Luther’s commitment to educating stewardship educators received a boost this past summer when recent graduates (one to five years out) had the opportunity to participate in a learning experience titled Stewardship 2000. The weekend-long event was underwritten by a couple whose pastor was instrumental to their understanding of Christian giving and who, in Hansen’s words, “want to raise up good stewardship pastors.” The seminar’s design encouraged discussion of topics such as living a stewardship lifestyle, handling personal finances, preaching on stewardship, and asking for leadership gifts. The goal of both Stewardship 2000 and the seminary’s development program was summed up in the parting words to participants by a member of the planning committee. “We anticipate that thousands will have lives renewed through your leadership. May the flame burn brightly in the churches through you.”
An Alumni “To Do” List for Boards
Although trustees are not responsible for the day-to-day details of a seminary’s outreach to its alumni, they can encourage the administrative team in their work with the sons and daughters of the institution. Here are some suggestions:
1. Get the facts about alumni giving.
Unless a board is armed with the facts, trustees are not likely to encourage attention to alumni relations. At a minimum, the staff should regularly run the numbers on alumni giving, identifying patterns and trends in the gifts received. It’s a good idea as well if boards are able to compare performance of the seminary’s fund-raising program with national data sources like the ATS Fact Book on Theological Education and the Council for Aid to Education’s annual Voluntary Support of Education report.

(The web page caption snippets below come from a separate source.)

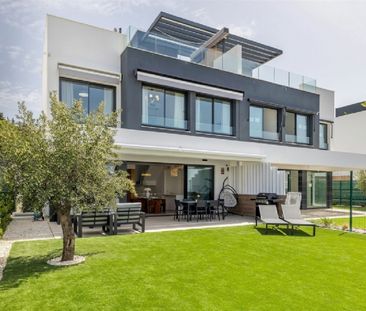 4 Bedroom Townhouse For Rent in Estepona, Málaga - Photo 5
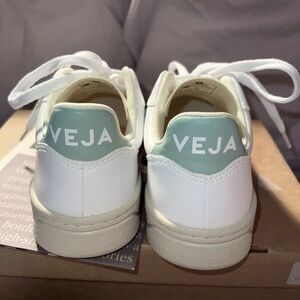 Veja V-10 Womens Sneakers White & Matcha Sz UK2/US4 NIB
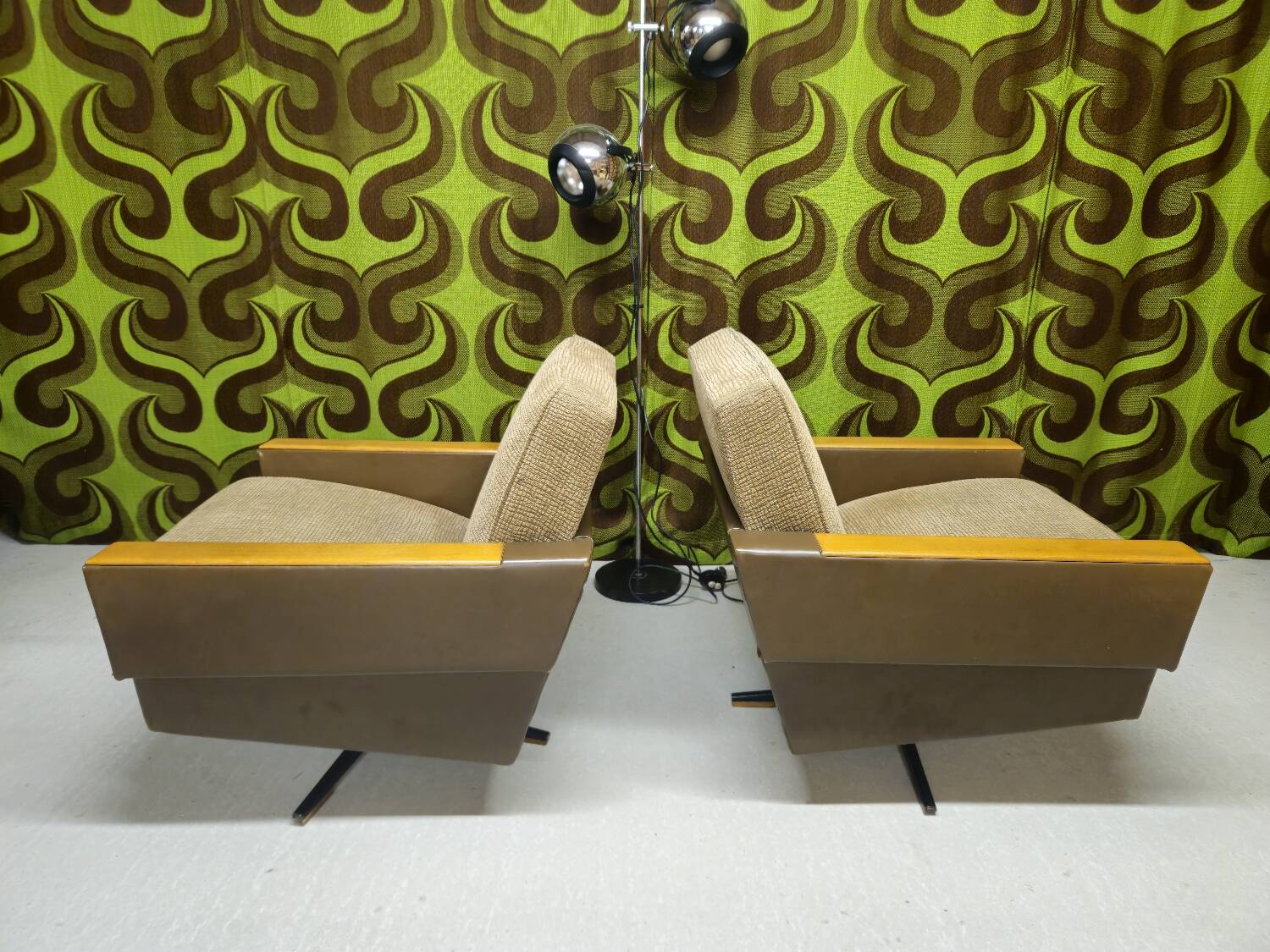"1970 swivel armchair pair"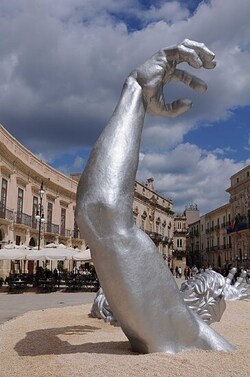 SIRACUSA arte a Ortiggia. Fotografie di Giulio Azzarello &copy;2014.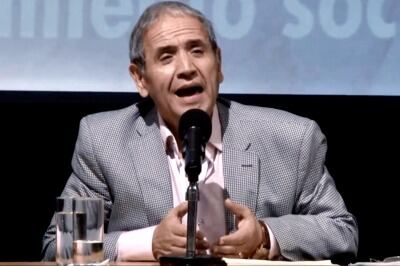 Sergio Palazzo, titular de la Bancaria, acusó a Macri de ceder ante la presión de los bancos extranjeros.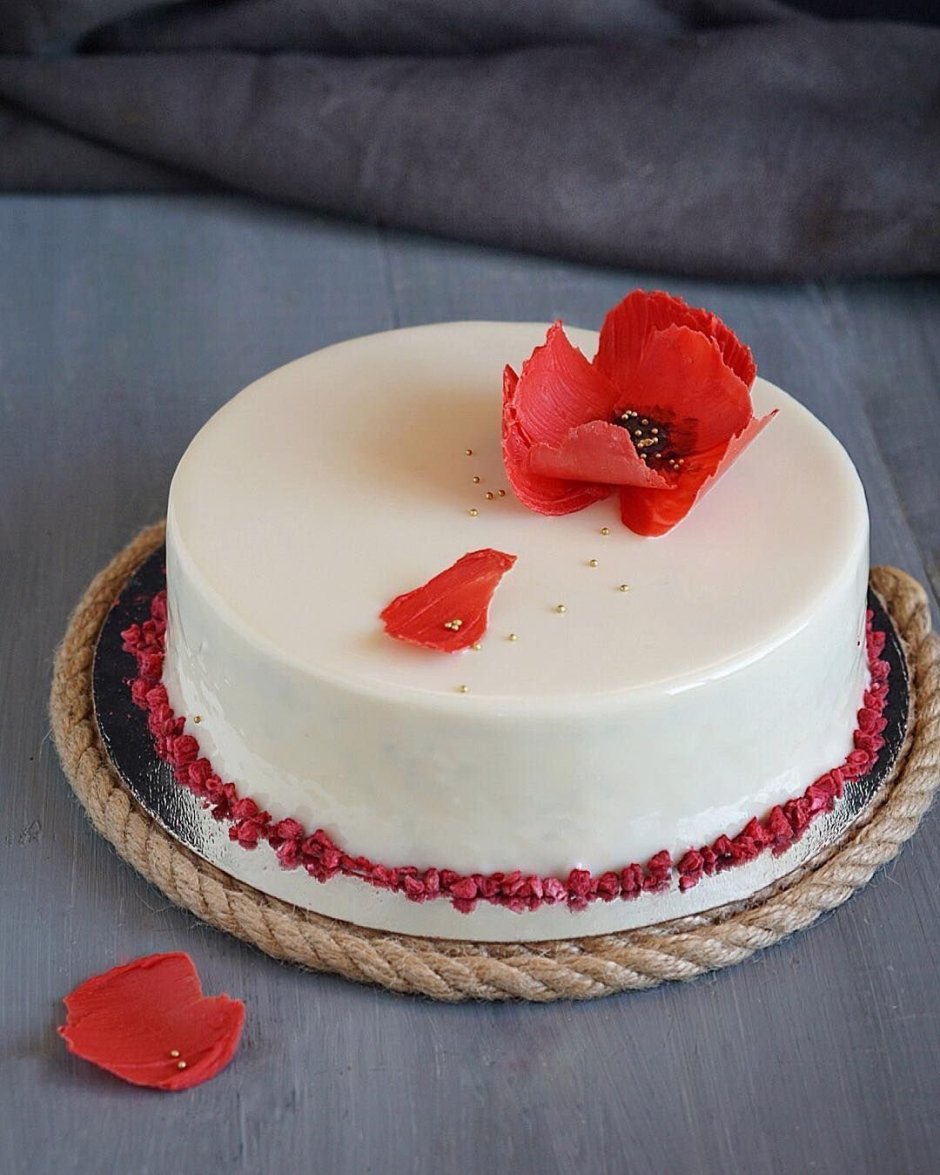 Торт с полевыми цветами и клубникой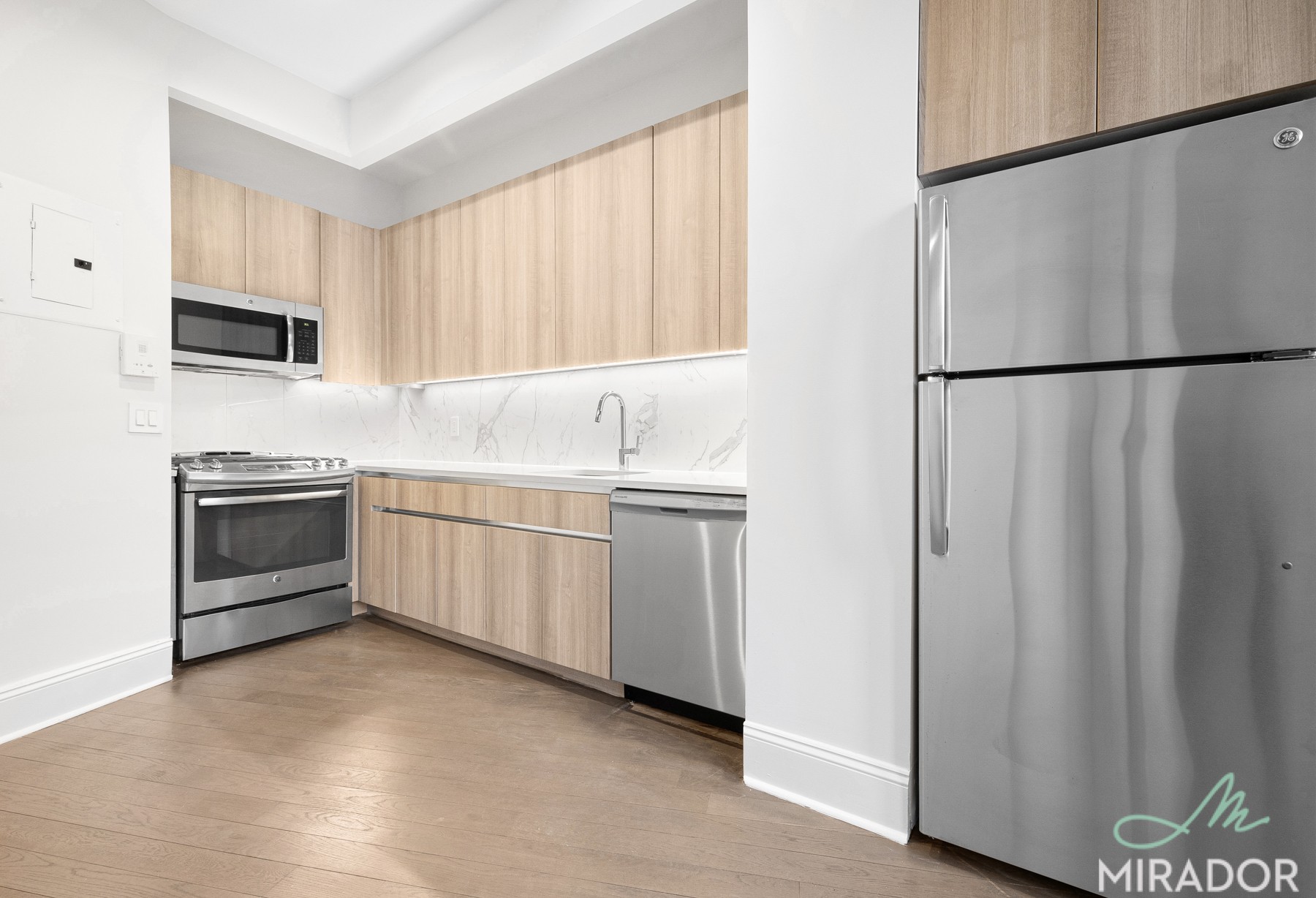 15 Park Row 16A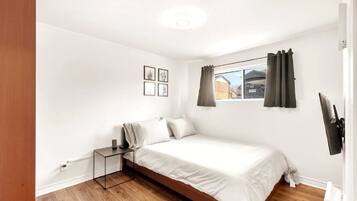 4 habitaciones, escritorio, tabla de planchar con plancha y wifi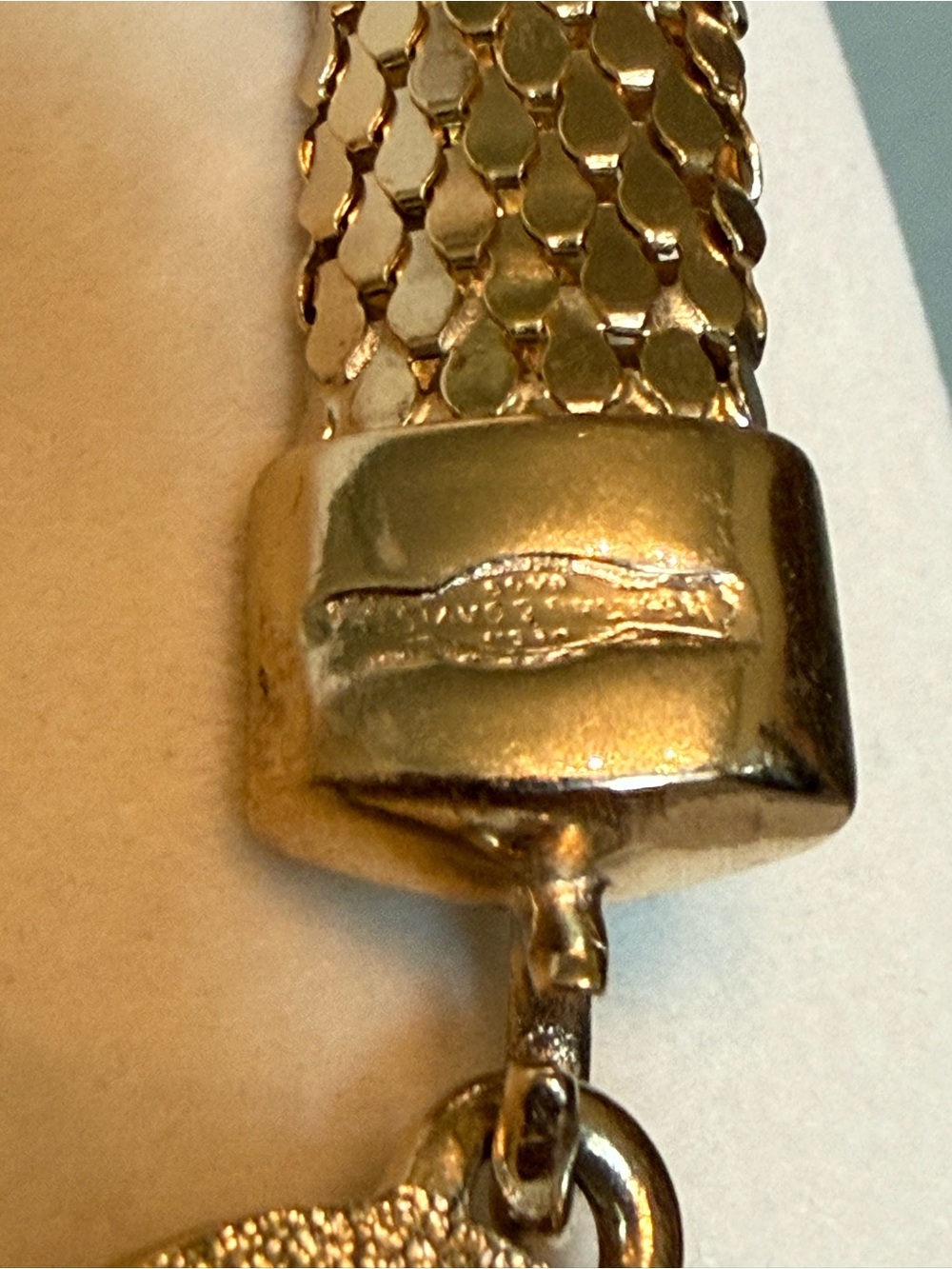 WHITING & DAVIS VINTAGE MESH & AMBER STATEMENT NECKLACE - Picture 5 of 5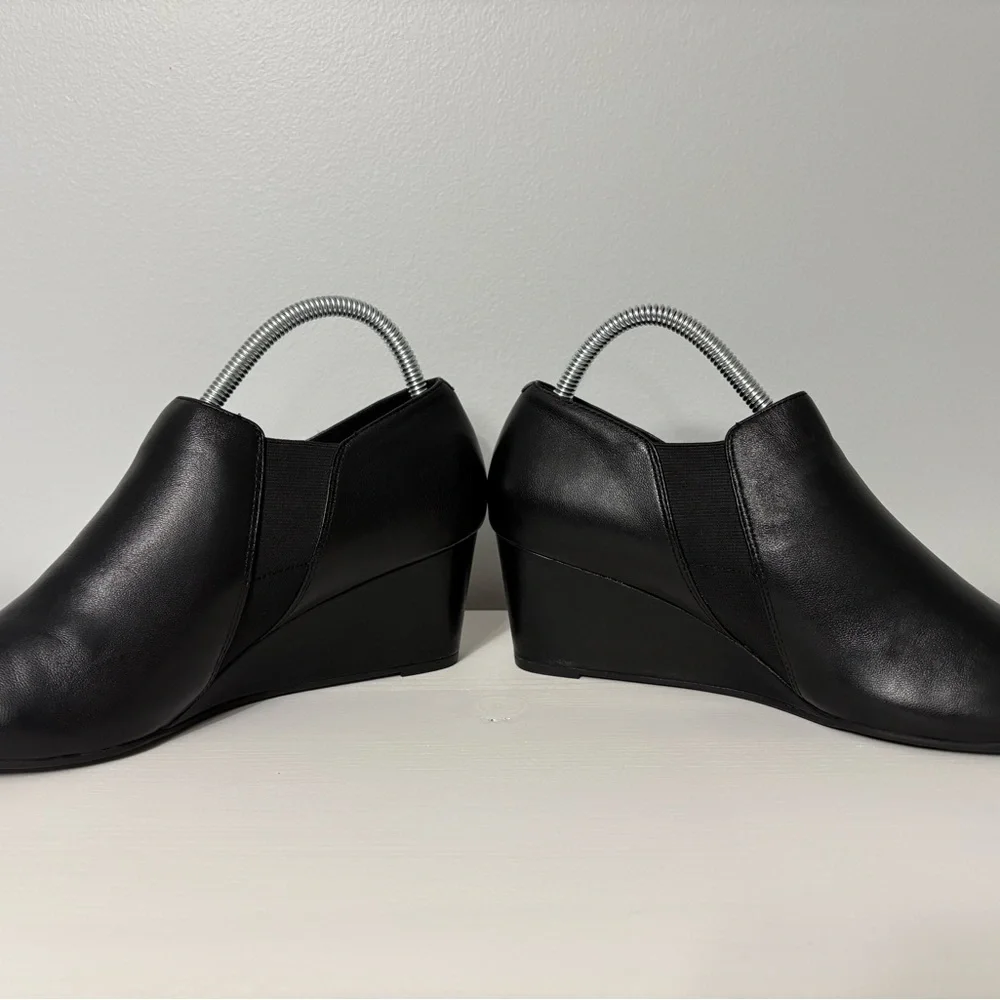 Vionic Stanton Black Leather Wedge Booties – Size 9 - Picture 2 of 12
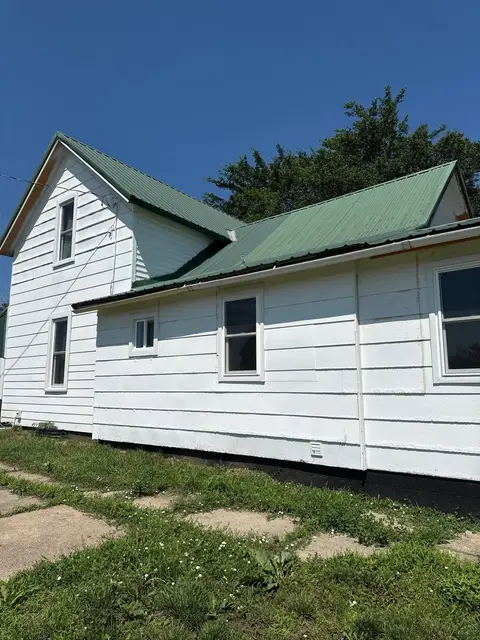 Standing-Seam Metal Roof and Vinyl Siding in Pender, NE – photo 8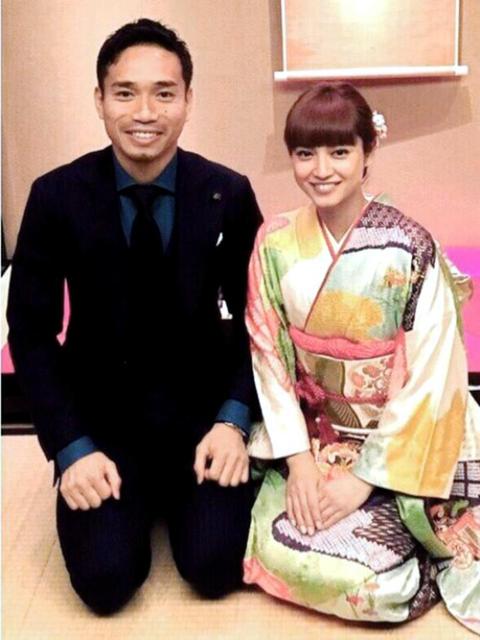 長友佑都と平愛梨が入籍報告 ツーショット写真も公開/芸能/デイリー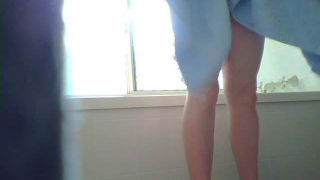 sister_in_bathroom-7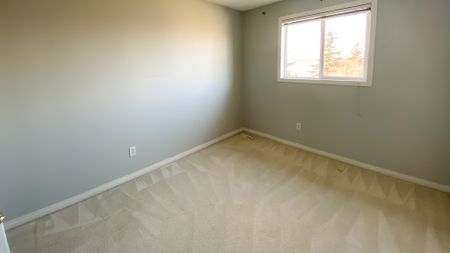 A Charming Retreat With Lush Driveway Peonies. Fully Developed Basement. - Photo 5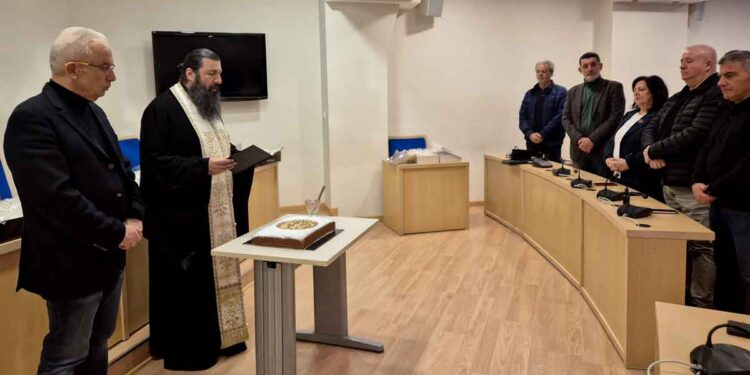 Έκοψαν την πίτα τους οι εργαζόμενοι του Δήμου Αμφιλοχίας (φωτο)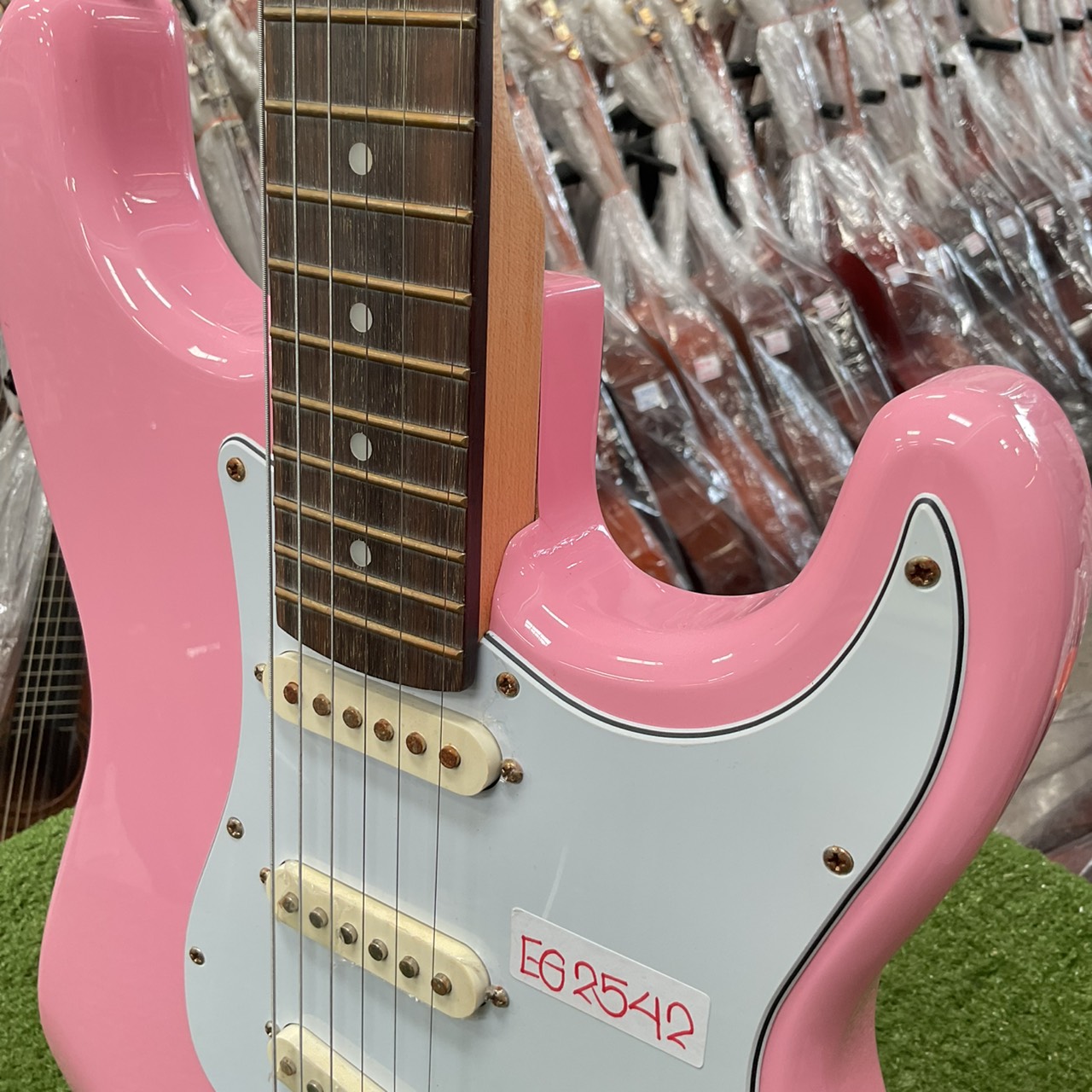 กีต้าร์ไฟฟ้า PhotoGenic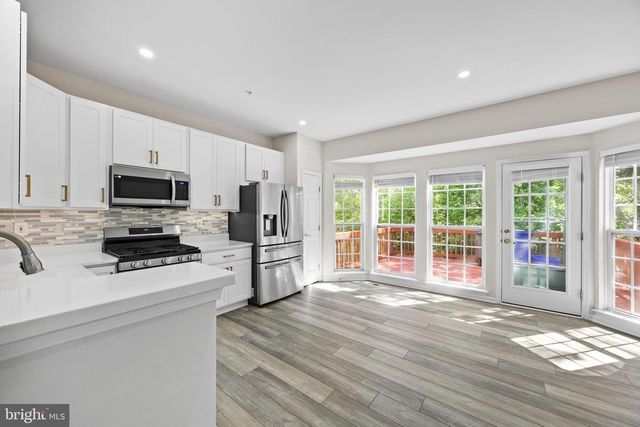 8880 PAPILLON DR, Ellicott City, MD 21043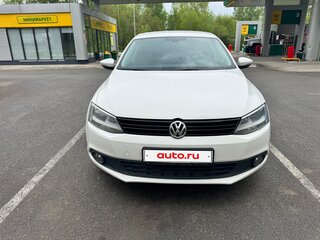 2013 Volkswagen Jetta VI, белый, 900000 рублей, вид 4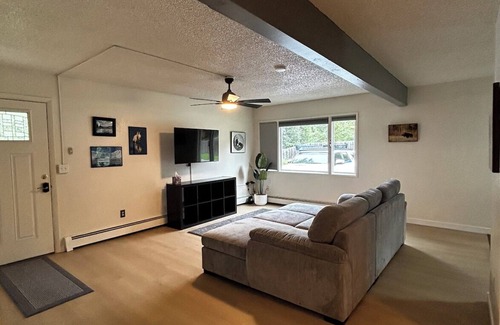 Bayshore - Klatt Apartment | Beautiful Alaskan 2 Bedroom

2. Set appropriately great expectations for alumni giving.
More often than not, theological schools have rather low expectations for alumni as donors. Yet as Thomas Skinner, executive vice president of Biblical Theological Seminary in Hatfield, Pennsylvania, said, “Not every graduate could be described as a ‘poor pastor.’ Don’t underestimate your alumni.” This past year, 43 percent of Biblical’s alums made a gift to the seminary, including $100,000 to the alumni phonathon.
3. Listen to alumni donors.
Pay attention to and work with alumni who are committed to the school and who already are giving. Trustees can learn a lot about the seminary, the appropriateness of its programs, and the success of its ‘product’ by volunteering to make thank you calls to alumni donors.
Strong programs become even stronger when time is taken to involve happy grads in planning alumni programs and in shaping fund-raising appeals. United Theological Seminary in Dayton, Ohio, has hired twelve alumni as part-time fund-raisers. “There’s no one better to lead an alumnus back into ‘the fold’ than someone who loves the seminary enough to give and work its behalf,” suggested Tom Melzoni, vice president for advancement,
4. Celebrate alumni gifts.
When alumni step up to the plate with their gifts, a word of appreciation from the board can go a long way toward reinforcing the good behavior. That’s what trustees at Episcopal Theological Seminary of the Southwest were about when they passed a resolution of appreciation for alumni support. The development staff had the resolution printed on parchment-like paper and distributed in a mailing to former students—a great pat on the back for a very loyal alumni base.